Talk by Josua Rutishauser
Date: 28.09.22 Time: 15.00 - 16.00 Room: Y27H25
Digital signatures are used to confirm the legitimate sender of a message or key of a symmetric cryptosystem. The receiver of a message (or key) is able to verify with a public shared key if the signature, and thus the message has been sent from the person that it claims to be from. To do so one uses asymmetric cryptosystems, and therefore trapdoor one-way functions.

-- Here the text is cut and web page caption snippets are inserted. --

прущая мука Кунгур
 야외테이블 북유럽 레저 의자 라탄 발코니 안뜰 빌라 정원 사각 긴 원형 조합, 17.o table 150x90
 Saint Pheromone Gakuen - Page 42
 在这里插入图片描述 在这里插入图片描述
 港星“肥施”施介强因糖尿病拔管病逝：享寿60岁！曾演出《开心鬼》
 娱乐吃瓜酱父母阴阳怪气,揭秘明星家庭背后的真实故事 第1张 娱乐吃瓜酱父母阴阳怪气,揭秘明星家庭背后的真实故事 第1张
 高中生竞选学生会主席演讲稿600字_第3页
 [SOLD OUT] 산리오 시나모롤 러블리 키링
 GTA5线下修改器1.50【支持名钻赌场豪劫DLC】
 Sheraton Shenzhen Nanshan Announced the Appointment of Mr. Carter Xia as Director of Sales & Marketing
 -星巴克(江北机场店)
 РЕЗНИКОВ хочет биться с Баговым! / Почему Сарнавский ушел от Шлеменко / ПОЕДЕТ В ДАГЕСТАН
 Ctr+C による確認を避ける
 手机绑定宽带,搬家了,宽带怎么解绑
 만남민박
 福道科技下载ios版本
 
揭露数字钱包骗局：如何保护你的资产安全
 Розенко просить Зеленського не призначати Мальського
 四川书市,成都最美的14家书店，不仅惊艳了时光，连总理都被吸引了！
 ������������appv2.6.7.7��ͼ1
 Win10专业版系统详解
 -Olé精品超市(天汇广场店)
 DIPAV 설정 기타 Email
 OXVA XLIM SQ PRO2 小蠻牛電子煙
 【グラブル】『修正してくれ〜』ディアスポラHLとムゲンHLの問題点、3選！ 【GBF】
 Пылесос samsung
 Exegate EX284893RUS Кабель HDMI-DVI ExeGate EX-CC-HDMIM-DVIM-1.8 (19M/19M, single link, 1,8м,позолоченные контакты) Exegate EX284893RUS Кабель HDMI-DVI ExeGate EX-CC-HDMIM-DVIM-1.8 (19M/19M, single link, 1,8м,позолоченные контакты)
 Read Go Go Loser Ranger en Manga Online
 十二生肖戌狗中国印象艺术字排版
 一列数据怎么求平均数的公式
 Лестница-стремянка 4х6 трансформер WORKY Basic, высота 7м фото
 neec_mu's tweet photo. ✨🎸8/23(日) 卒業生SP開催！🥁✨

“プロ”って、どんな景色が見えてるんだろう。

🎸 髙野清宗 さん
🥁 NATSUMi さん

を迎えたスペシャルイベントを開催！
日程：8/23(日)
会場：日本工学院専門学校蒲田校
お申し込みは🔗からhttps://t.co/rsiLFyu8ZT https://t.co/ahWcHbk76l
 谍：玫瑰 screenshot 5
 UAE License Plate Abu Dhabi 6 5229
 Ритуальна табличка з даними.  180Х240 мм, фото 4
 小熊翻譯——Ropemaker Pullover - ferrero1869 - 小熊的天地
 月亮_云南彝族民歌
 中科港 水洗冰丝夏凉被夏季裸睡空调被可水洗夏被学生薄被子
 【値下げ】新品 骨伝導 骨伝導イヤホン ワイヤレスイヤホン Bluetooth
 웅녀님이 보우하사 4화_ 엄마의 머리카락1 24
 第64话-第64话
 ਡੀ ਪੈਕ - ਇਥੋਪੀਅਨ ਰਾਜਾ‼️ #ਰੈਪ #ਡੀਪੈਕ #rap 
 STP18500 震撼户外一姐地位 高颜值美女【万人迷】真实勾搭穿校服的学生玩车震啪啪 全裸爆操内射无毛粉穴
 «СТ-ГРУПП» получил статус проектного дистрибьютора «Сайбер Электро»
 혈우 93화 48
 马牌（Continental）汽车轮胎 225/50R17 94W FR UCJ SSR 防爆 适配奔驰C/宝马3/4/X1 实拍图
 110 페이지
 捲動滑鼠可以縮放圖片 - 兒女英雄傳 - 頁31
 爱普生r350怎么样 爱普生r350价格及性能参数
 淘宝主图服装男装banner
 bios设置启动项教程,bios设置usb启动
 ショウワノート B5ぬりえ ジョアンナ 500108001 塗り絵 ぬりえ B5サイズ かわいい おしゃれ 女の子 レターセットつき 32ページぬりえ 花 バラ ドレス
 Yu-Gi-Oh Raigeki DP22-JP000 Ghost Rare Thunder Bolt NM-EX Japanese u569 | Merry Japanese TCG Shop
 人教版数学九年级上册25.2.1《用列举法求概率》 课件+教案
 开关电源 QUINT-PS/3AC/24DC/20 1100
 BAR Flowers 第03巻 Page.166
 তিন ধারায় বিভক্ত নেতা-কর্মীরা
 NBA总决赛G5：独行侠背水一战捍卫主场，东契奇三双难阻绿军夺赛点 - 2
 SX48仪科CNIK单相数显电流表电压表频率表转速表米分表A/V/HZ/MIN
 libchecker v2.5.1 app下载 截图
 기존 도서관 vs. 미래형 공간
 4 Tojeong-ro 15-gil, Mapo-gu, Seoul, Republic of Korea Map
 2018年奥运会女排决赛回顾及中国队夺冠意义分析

In my master thesis two connected signature schemes are introduced: The unbalanced) Oil & Vinegar and Rainbow signature scheme; both of which use multivariate quadratic polynomials to produce signatures. The (unbalanced) Oil & Vinegar scheme uses a trapdoor which allows the signer to solve a linear set of multivariate equations, while a forger trying to attack the system needs to solve a set of multivariate quadratic equations. For well chosen parameters, the forgers task is way harder. The Rainbow signature scheme is based on (unbalanced) Oil & Vinegar and uses multiple layers of this scheme to make it more complex and more efficient. This talk will give a brief overview at different approaches to attack the signature schemes and explains which parameters are the most effective dependant on the attacks. Moreover, we’ll see that implementation wise, both signature schemes can be kept short in the programmin language python and compare the computation times of both algorithms while discussing other aspects of security in foresight of Rainbow being a third-round finalist at NIST for the standardizising process in post-quantum cryptography.